» Exercise aim
Starting with the line containing "To set up a" and going on through the line containing "This is the", return the lines of the data below exactly, and only those.

» Material shown

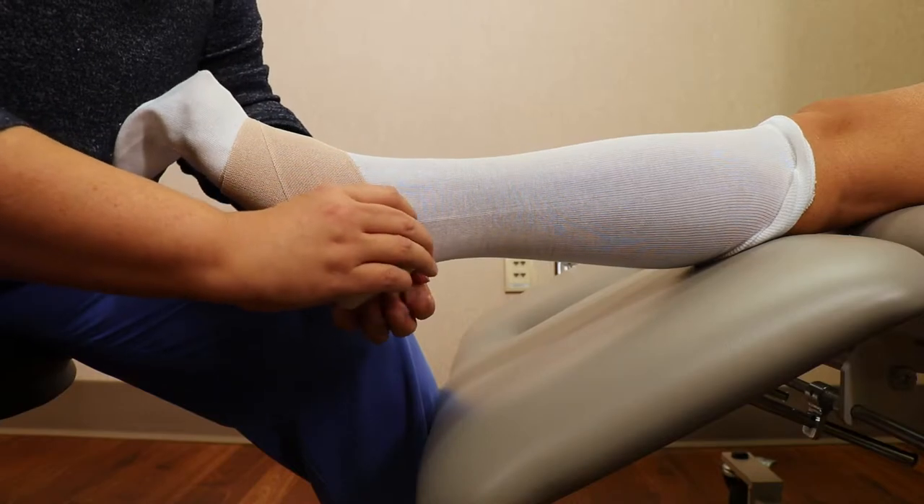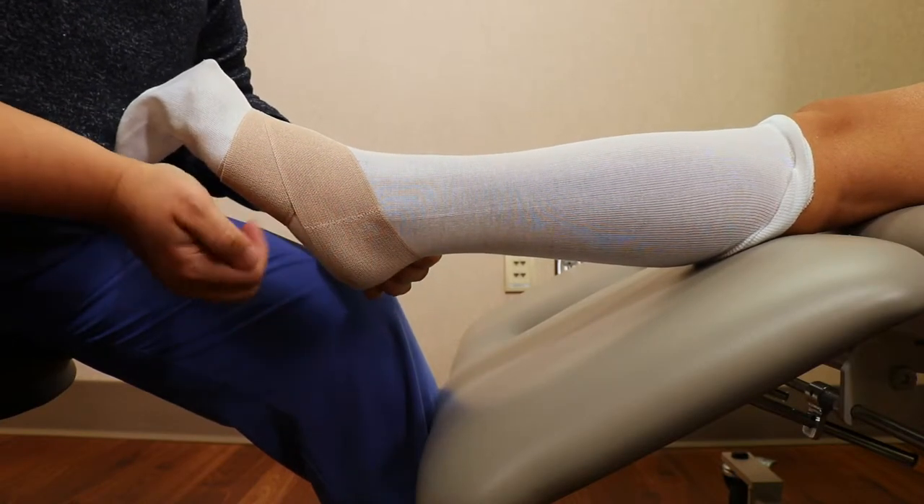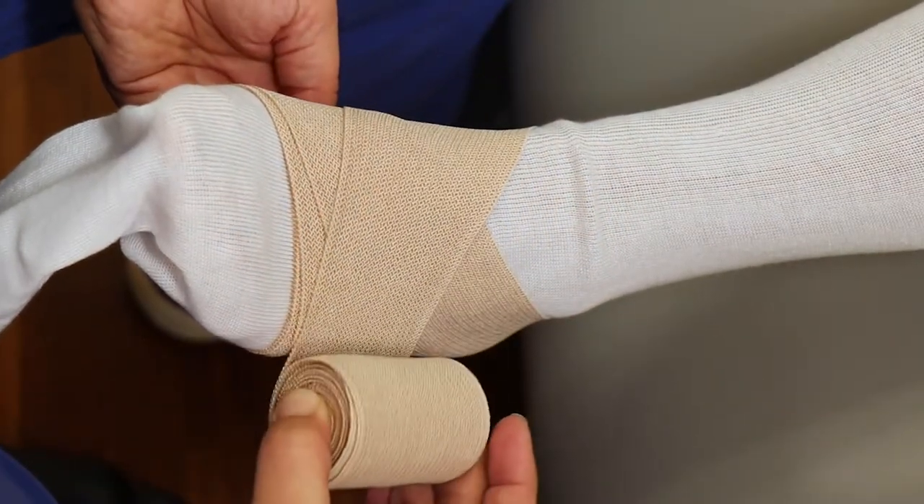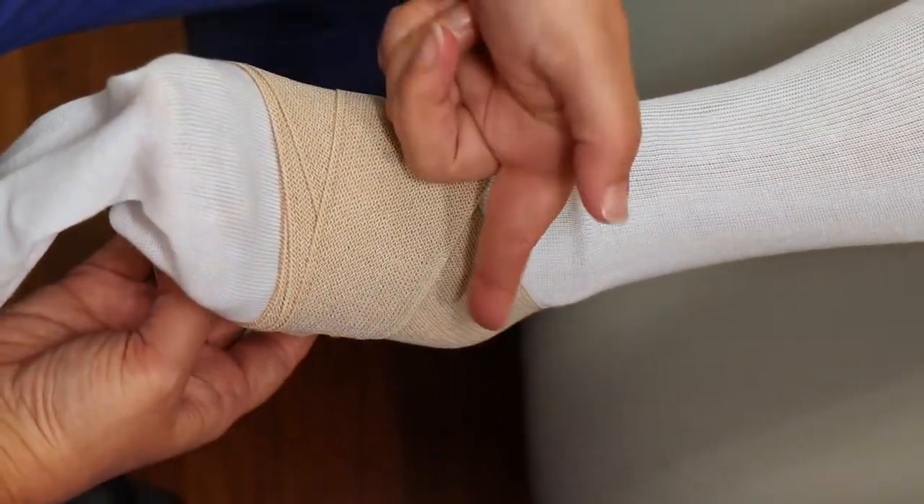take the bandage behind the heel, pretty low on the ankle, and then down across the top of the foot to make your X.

...

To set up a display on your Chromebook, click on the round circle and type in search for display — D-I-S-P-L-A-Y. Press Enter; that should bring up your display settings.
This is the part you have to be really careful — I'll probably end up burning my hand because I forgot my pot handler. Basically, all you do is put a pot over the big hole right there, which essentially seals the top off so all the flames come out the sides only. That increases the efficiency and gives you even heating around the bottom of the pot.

==

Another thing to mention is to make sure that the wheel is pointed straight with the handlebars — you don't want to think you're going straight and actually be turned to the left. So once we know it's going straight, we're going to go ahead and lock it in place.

» Task response
To set up a display on your Chromebook, click on the round circle and type in search for display — D-I-S-P-L-A-Y. Press Enter; that should bring up your display settings.
This is the part you have to be really careful — I'll probably end up burning my hand because I forgot my pot handler. Basically, all you do is put a pot over the big hole right there, which essentially seals the top off so all the flames come out the sides only. That increases the efficiency and gives you even heating around the bottom of the pot.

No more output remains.